Using git-filter-repo
git filter-repo is recommended by the git project over git filter-branch
.
git filter-repo --strip-blobs-bigger-than 1M
Using BFG Repo-Cleaner
The older BFG Repo-Cleaner used to be the most popular tool to do exactly that.
To remove all files with a size > 1 MB:
$ bfg --strip-blobs-bigger-than 1M my-repo.git
By default it will not touch your current files.

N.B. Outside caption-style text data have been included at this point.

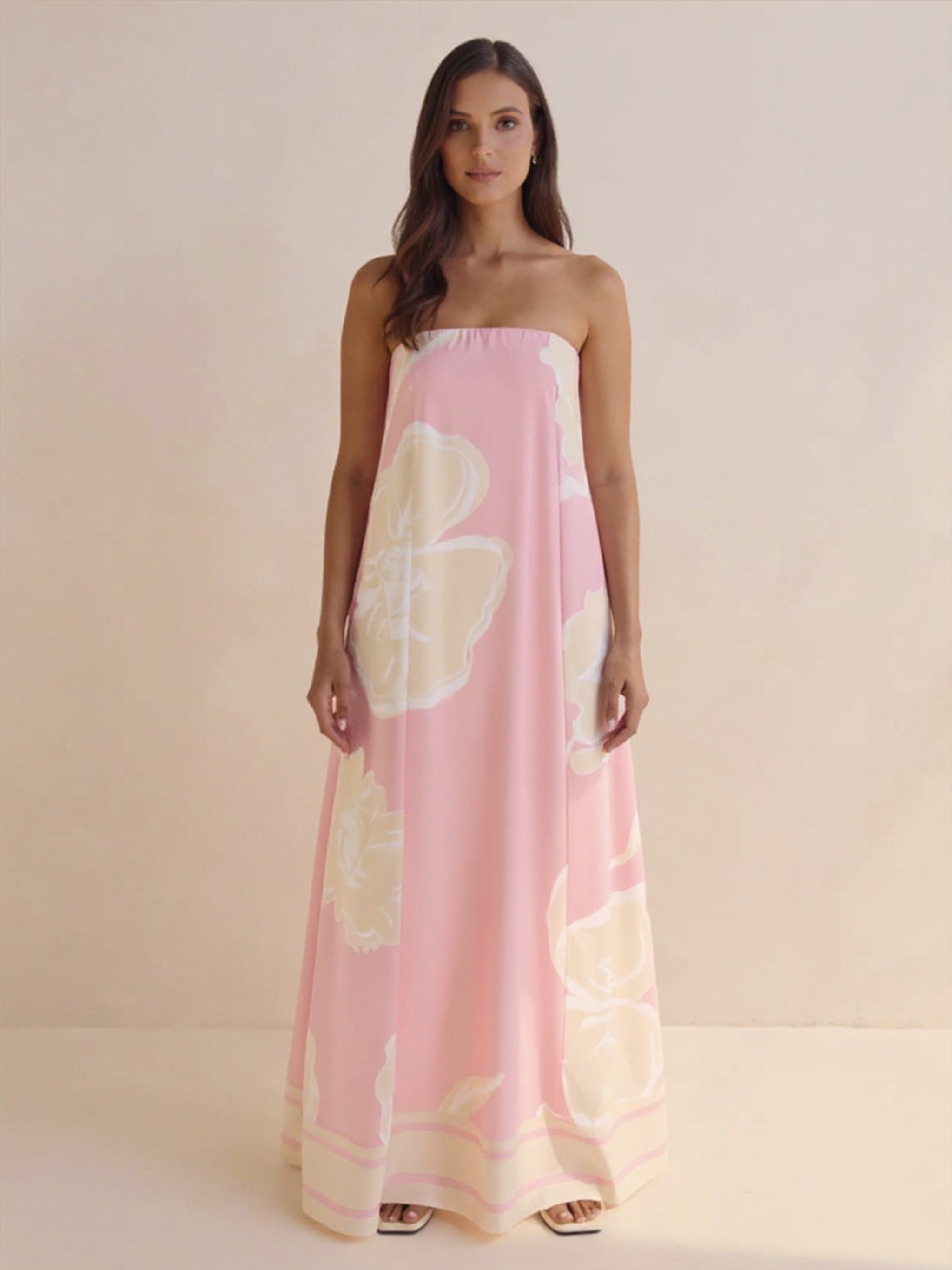 Pink Floral Strapless Dress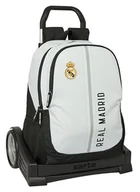 Plecaki szkolne i tornistry - Safta REAL MADRID 1. WYPOSAŻENIE 24/25 - Plecak szkolny, ergonomiczny plecy, z wózkiem Evolution, idealny dla dzieci w różnym wieku, wygodny i wszechstronny, 32 x 16 x 44 cm, biały/szary, biały/szary, - miniaturka - grafika 1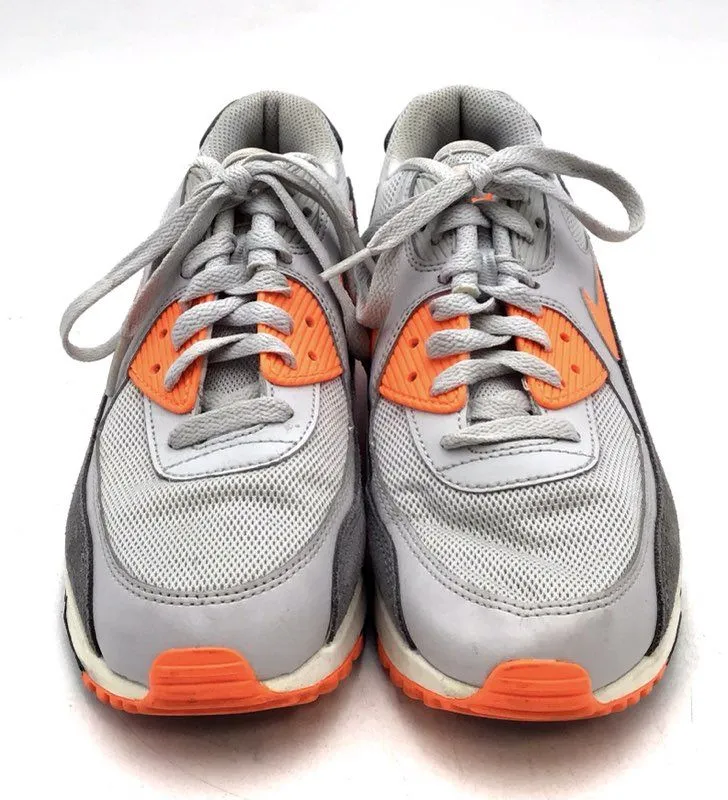 Nike Women's Air Max 90 Gray Orange Athletic Shoes - Size 9.5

Don't use git filter-branch
git filter-branch has a plethora of pitfalls that can produce non-obvious manglings of the intended history rewrite (and can leave you with little time to investigate such problems since it has such abysmal performance). These safety and performance issues cannot be backward compatibly fixed and as such, its use is not recommended.
Source
Second question: how to keep specific files from being stored in the history
You can add files to .gitignore
so that they are never added in the first place, but Git cannot be configured to delete them automatically, so you would need some kind of hook that automatically executes bfg
or git-filter-repo
.
Better to prevent the problem in the first place
Tools like bfg
are meant for rare exceptions. Ideally, you should prevent large binary files from being included in the repository in the first place. Instead, there are many other ways to preserve them, for example to add them to a GitHub release or upload them to a package repository depending on your environment, such as npm, a Maven repository or GitHub packages.